La Corte di Cassazione, con la sentenza 10 giugno 2020 n. 11050, ha deciso che non si è in presenza di demansionamento se il lavoratore non viene assegnato alle mansioni corrispondenti al proprio profilo di appartenenza per sua esclusiva volontà, rifiutandosi di conseguire la necessaria professionalizzazione.

Nel caso sottoposto all’esame della Suprema Corte un lavoratore si era rivolto al Tribunale del lavoro affinchè l’azienda da cui dipendeva venisse condannata al risarcimento del danno da demansionamento professionale.

I giudici di primo grado hanno accolto le doglianze del lavoratore, ma la Corte d’Appello ha invece riformato la sentenza del Tribunale, accogliendo la richiesta dell’azienda volta ad annullare il diritto al risarcimento del danno.

In appello infatti era stato accertato che il lavoratore era stato ritenuto inidoneo a svolgere una certa mansione per problemi di salute. Era quindi stato assegnato inizialmente ad uffici di natura amministrativa e successivamente, tenuto conto delle sue residue possibilità di utilizzazione, era stato assegnato al servizio di portineria.

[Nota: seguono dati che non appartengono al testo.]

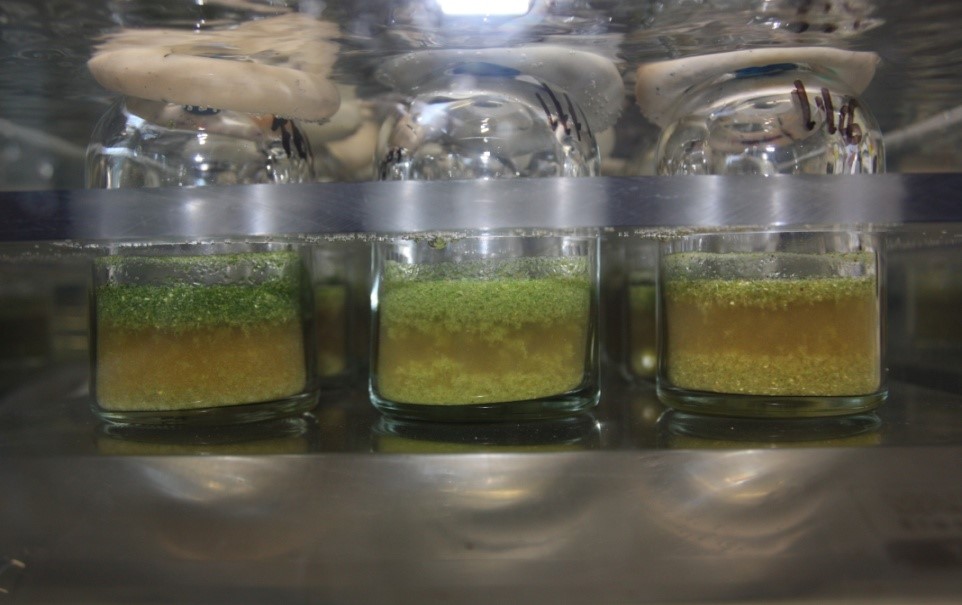 Figure 1: Batch fermenters containing forage substrate and buffered rumen fluid (photo by V. Niderkorn)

Sempre secondo i giudici di secondo grado, non poteva dirsi che fosse stato perpetuato alcun demansionamento, dato che l’attribuzione a mansioni di natura meramente esecutiva rispetto a quelle corrispondenti al proprio profilo di appartenenza, era dipeso dal rifiuto dello stesso lavoratore di partecipare ai corsi di aggiornamento professionale, indispensabili per acquisire le conoscenze idonee all’espletamento delle mansioni corrispondenti al predetto profilo.

Il lavoratore ha richiesto la cassazione delle sentenza, ma i giudici di legittimità hanno rigettato il ricorso.